Xavier Moreau rappelle notamment que, contrairement aux Serbes qui furent des alliés de la France durant les deux grands conflits mondiaux, les Albanais furent de précieux soutiens de l’Allemagne. Berlin qui, à l’époque des deux récents conflits qui déchirèrent les Balkans, fut avec Washington le principal sponsor d’une dislocation de l’ex-Yougoslavie.

«Paradoxalement, ces élites, essentiellement libérales […] qui sont très antiracistes de certains côtés, se sont finalement appuyées sur les races et les ethnies pour détruire une nation qui finalement ne fonctionnait pas si mal», assène Xavier Moreau.

Plus récemment, le mois dernier, afin de célébrer le 20e anniversaire du déploiement des troupes de l’Otan dans la province, Bill Clinton, Madeleine Albright et Wesley Clark (alors commandant de l’Alliance atlantique) se sont rendus à Pristina. Aux côtés Hashim Thaçi et de Ramush Haradinaj, l’ancien Président américain déclare aux 3.000 personnes présentes que ce fut «le plus grand honneur de ma vie d’avoir été à vos côtés contre le nettoyage ethnique et pour la liberté.»

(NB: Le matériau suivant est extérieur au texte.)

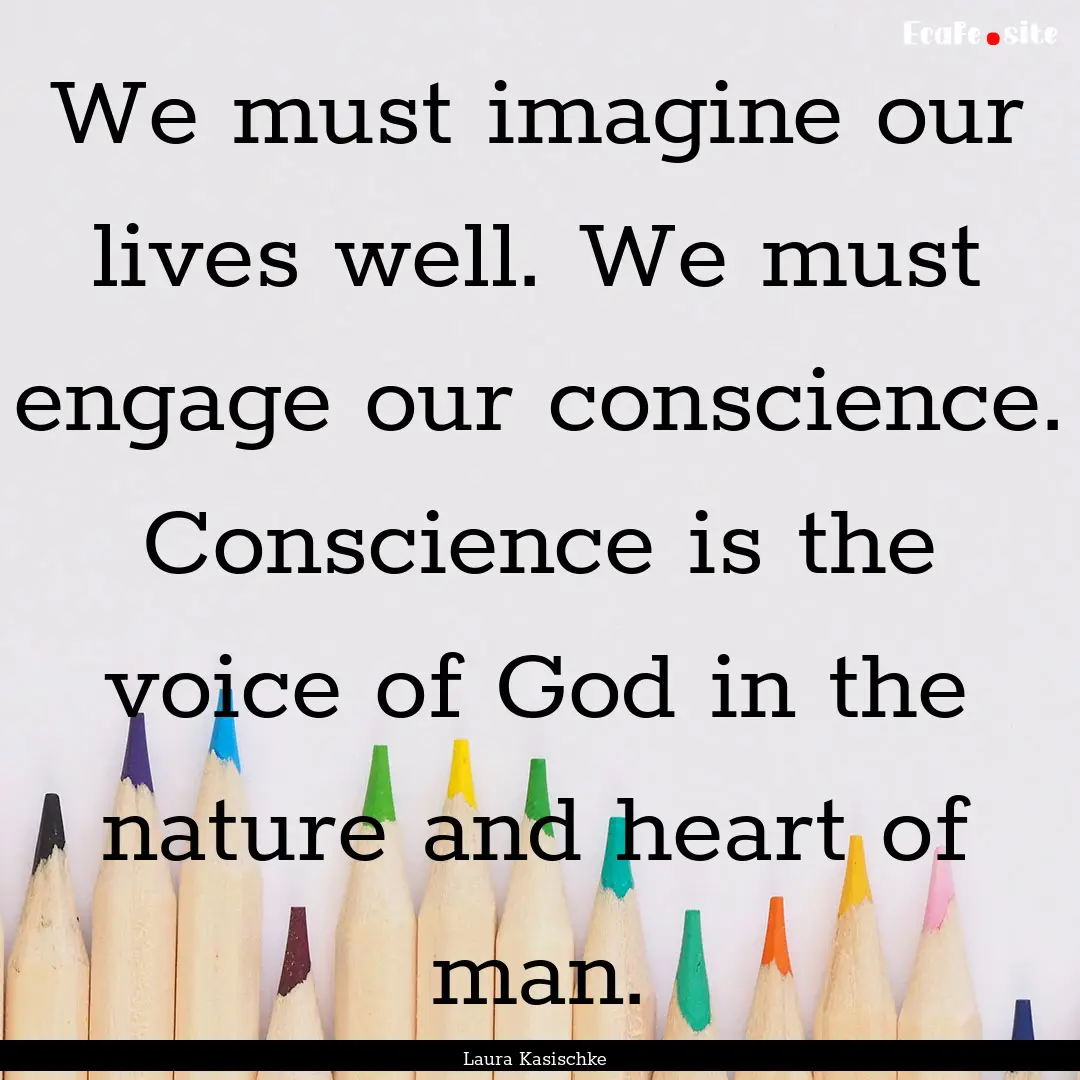 We must imagine our lives well. We must engage.... : Quote by Laura Kasischke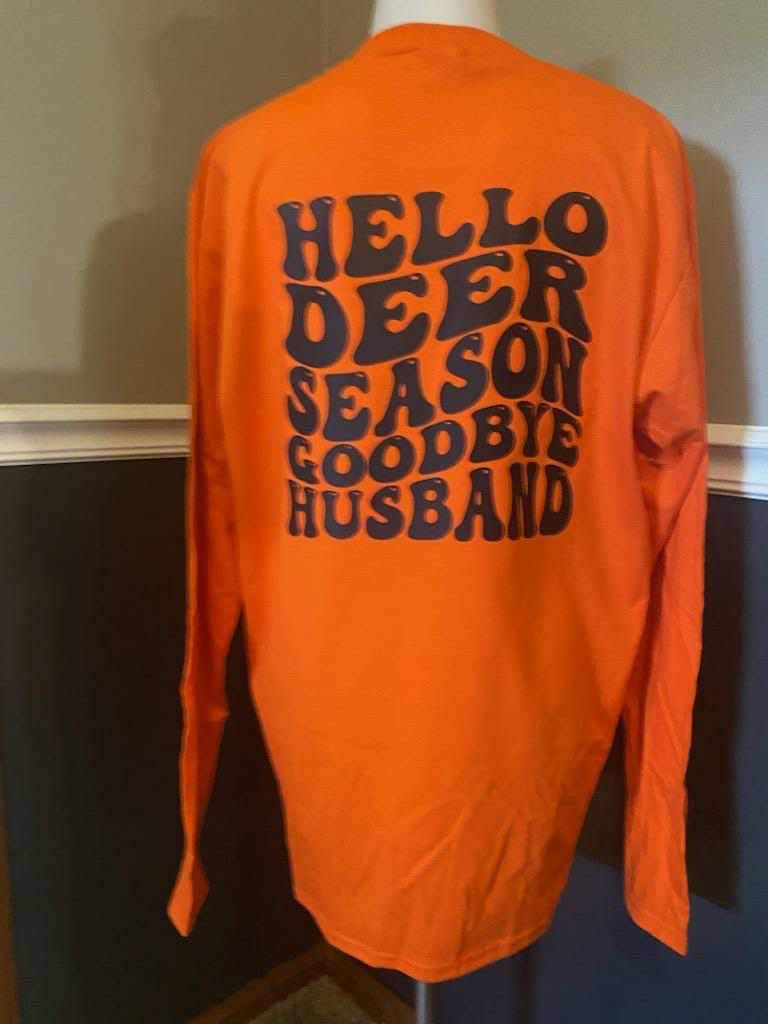 Hello Deer Season Goodbye Husband Long Sleeve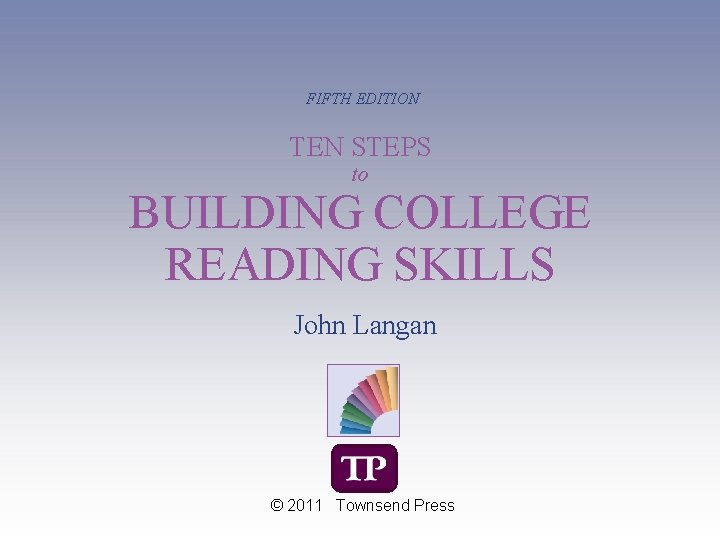 FIFTH EDITION TEN STEPS to BUILDING COLLEGE READING SKILLS John Langan © 2011 Townsend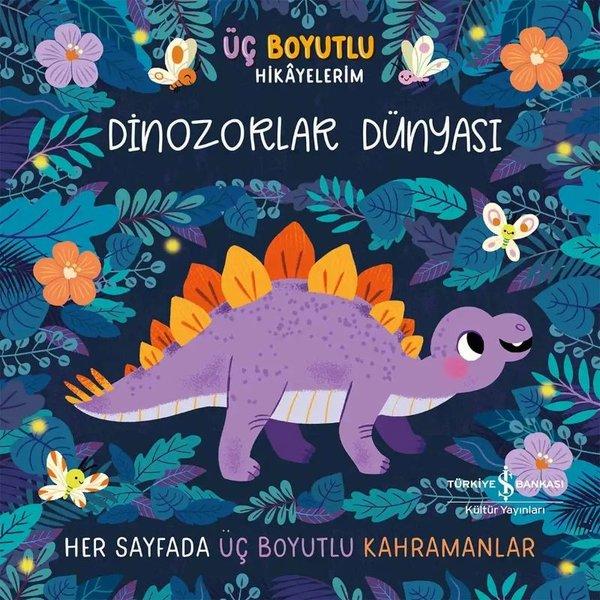Dinozorlar Dünyası - Üç Boyutlu Hikayelerim | İş Bankası Kültür Yayınları (İnce Kapak)  - Resim 1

Parlant de nettoyage ethnique, 35 personnes soupçonnées de crimes de guerre ont déjà été – ou vont être – entendues par le nouveau tribunal spécial pour le Kosovo. Parmi elles, Ramush Haradinaj, mercredi 24 juillet, qui déclarait aux journalistes avoir «utilisé le droit que me donne la loi de garder le silence» devant la chambre, Jakup Krasniqi ancien président du Parlement, ainsi que Bislim Zyrapi, conseiller du Président Thaçi. Aucune mise en inculpation n’a pour l’heure été prononcée.